Teradata® VantageCloud Lake

Deployment

VantageCloud

Edition

Lake

Product

Teradata Vantage

Published

January 2023

Language

English (United States)

Last Update

2024-04-03

dita:mapPath

phg1621910019905.ditamap

dita:ditavalPath

pny1626732985837.ditaval

dita:id

phg1621910019905

DATASET_PUBLISH composes a DATASET data type instance from different data sources (anything referenced in an SQL statement). DATASET_PUBLISH publishes DATASET data types of any storage format, exporting stored data stored to an externally recognizable file format. DATASET_PUBLISH returns one output column, "data," which returns the data composed as a result of this operation.

The formats vary:

Data composed as Avro is returned as an instance of the DATASET type with storage format AVRO. When a DATASET data type stored as AVRO creates an Avro instance by using DATASET_PUBLISH, its schema is combined with the output schema. The default is to publish DATASET values in the AVRO storage format.
Data composed as CSV returns as a DATASET type instance with storage format CSV. The CSV file contains a header line with CSV column names and data. If the specified schema has a null field_names key, no header is included with the CSV value. All data is separated using the row and column delimiters. All Teradata complex data types (including DATASET) creating a CSV instance with DATASET_PUBLISH are converted to text representation and treated as one field in the CSV instance. To include a schema in the DATASET type, use the SCHEMA clause.
If the DATASET value has a schema and is inserted into a table column with a column-based schema defined, the schema is removed from the value, and the CSV data is validated against the column-based schema.
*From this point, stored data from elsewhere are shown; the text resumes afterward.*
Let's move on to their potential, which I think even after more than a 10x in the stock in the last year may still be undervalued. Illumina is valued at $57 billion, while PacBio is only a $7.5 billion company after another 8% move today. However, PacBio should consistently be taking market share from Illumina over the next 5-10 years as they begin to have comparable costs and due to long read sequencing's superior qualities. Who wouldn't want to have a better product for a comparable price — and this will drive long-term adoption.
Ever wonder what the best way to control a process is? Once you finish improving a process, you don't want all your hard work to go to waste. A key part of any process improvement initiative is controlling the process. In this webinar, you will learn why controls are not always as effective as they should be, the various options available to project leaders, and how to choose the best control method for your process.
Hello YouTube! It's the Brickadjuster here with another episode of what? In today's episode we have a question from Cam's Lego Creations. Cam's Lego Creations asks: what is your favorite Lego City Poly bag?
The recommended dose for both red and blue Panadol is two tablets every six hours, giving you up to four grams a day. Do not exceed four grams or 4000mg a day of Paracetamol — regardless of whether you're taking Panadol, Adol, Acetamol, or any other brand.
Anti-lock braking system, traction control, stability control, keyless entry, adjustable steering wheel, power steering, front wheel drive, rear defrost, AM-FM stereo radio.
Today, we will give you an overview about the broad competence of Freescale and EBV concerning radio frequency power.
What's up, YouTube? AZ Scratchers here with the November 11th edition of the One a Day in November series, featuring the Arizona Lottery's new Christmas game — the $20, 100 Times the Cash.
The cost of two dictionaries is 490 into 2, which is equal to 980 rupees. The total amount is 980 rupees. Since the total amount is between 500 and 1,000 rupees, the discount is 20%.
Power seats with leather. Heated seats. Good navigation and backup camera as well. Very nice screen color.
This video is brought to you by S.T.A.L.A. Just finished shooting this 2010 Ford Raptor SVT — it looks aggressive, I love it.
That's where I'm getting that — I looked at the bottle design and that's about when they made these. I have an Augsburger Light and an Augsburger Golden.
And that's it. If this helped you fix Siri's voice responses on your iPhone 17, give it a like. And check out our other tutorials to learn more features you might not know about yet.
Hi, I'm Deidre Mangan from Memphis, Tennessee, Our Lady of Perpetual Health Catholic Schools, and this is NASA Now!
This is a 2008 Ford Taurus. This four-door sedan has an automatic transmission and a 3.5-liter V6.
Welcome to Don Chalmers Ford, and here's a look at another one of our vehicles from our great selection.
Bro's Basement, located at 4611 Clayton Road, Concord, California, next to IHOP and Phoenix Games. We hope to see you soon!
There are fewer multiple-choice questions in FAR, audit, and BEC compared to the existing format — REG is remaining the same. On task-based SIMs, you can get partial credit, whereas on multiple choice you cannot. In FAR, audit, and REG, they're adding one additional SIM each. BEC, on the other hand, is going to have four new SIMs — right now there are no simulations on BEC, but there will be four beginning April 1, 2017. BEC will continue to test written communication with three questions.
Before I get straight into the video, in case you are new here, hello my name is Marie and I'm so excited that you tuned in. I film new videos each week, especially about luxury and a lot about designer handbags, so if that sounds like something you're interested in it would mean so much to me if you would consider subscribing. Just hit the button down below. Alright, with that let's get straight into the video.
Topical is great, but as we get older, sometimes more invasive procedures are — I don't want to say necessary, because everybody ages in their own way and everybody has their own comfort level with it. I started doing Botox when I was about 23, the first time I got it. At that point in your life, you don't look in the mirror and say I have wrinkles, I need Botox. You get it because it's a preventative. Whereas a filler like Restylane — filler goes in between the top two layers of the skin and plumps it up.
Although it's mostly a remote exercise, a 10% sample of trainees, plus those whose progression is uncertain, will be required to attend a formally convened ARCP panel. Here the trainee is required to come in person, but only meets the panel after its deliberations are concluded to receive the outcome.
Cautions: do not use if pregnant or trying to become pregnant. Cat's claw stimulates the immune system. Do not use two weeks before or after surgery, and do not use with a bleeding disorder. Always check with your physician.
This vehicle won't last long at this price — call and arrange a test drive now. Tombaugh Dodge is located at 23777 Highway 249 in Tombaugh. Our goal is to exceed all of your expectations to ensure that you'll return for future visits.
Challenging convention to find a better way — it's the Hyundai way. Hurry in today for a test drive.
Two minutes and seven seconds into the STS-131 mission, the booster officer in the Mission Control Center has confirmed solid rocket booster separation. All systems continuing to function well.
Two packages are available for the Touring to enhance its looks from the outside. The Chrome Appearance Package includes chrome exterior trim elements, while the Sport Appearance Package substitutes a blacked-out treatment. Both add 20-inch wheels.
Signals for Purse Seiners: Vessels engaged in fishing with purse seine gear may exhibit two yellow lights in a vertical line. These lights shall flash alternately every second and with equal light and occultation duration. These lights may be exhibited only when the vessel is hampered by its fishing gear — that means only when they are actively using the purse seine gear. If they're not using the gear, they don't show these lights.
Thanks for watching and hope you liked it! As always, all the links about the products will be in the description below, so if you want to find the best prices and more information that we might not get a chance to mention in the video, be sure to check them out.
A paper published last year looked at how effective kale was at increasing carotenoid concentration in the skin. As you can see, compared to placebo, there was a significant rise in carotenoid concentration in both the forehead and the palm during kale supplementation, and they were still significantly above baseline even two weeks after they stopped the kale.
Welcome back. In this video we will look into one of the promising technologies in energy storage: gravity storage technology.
JSON data and DATASET data are not supported as input.
JSON data published to a DATASET type is converted to the desired storage format and then combined with the output.
Any other Teradata complex data types used to create an AVRO or CSV instance by using DATASET_PUBLISH are converted to text representation and treated as one field in the resulting instance. Distinct and structured UDTs are not supported.

When DATASET_PUBLISH is used to compose an Avro instance and you are publishing types that are found as nullable by definition, the schema marks the type as such by using a union of null and the corresponding data type. Therefore, the schema type for a field looks like "type":["null","int"] instead of "type":"int".

Null is guaranteed to be the first element in the union for the auto-generated Avro schema.